■ **TASK STATEMENT**:
Look in the data below for the line that has "Cotton Jersey Hijab", then print exactly every line from there through the line that has "Cizme dama Pepper", leaving pictures out.

■ **DATA**:
···

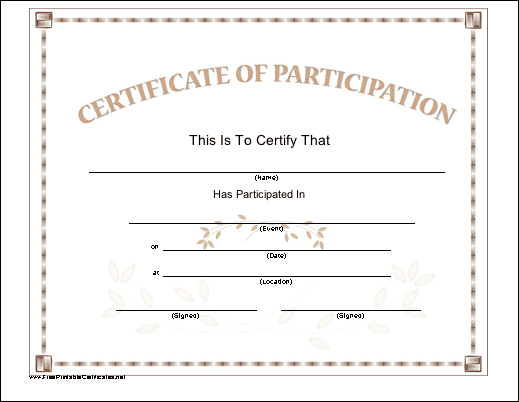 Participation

···

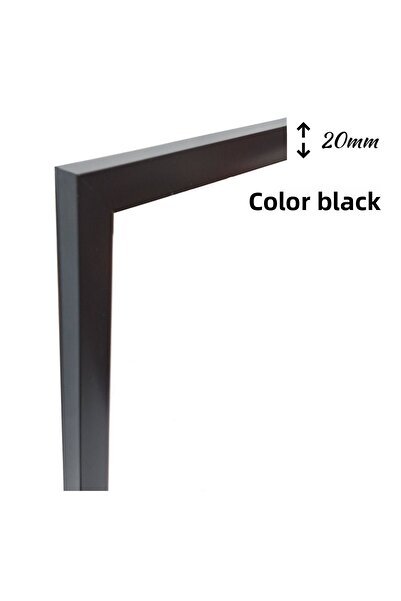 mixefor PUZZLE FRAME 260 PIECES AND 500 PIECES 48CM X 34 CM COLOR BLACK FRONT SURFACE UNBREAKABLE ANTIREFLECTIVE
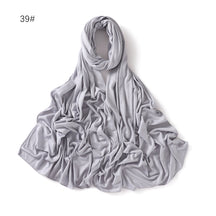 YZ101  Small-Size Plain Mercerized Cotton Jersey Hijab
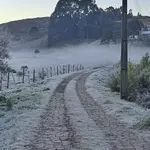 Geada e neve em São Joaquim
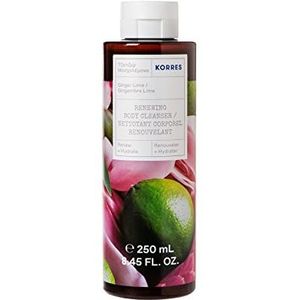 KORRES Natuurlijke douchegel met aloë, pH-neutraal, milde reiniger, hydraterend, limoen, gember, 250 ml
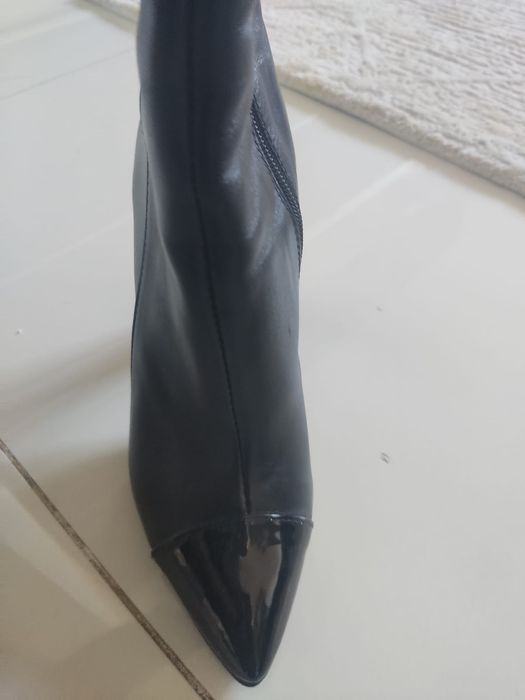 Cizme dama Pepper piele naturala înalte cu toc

···

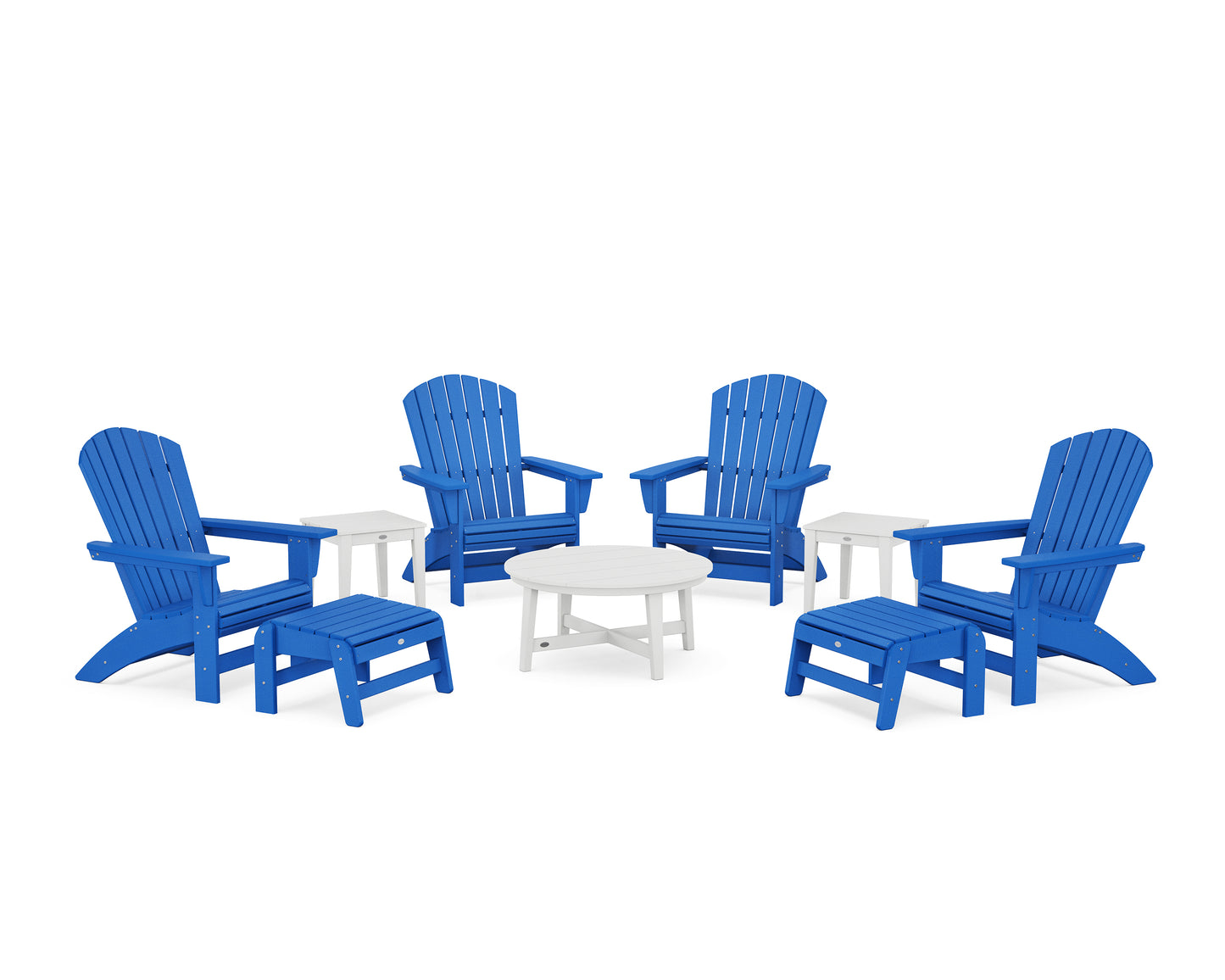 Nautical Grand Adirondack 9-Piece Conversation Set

···

■ **RESULT OF THIS TASK**:
 YZ101  Small-Size Plain Mercerized Cotton Jersey Hijab
 Geada e neve em São Joaquim
 KORRES Natuurlijke douchegel met aloë, pH-neutraal, milde reiniger, hydraterend, limoen, gember, 250 ml
 Cizme dama Pepper piele naturala înalte cu toc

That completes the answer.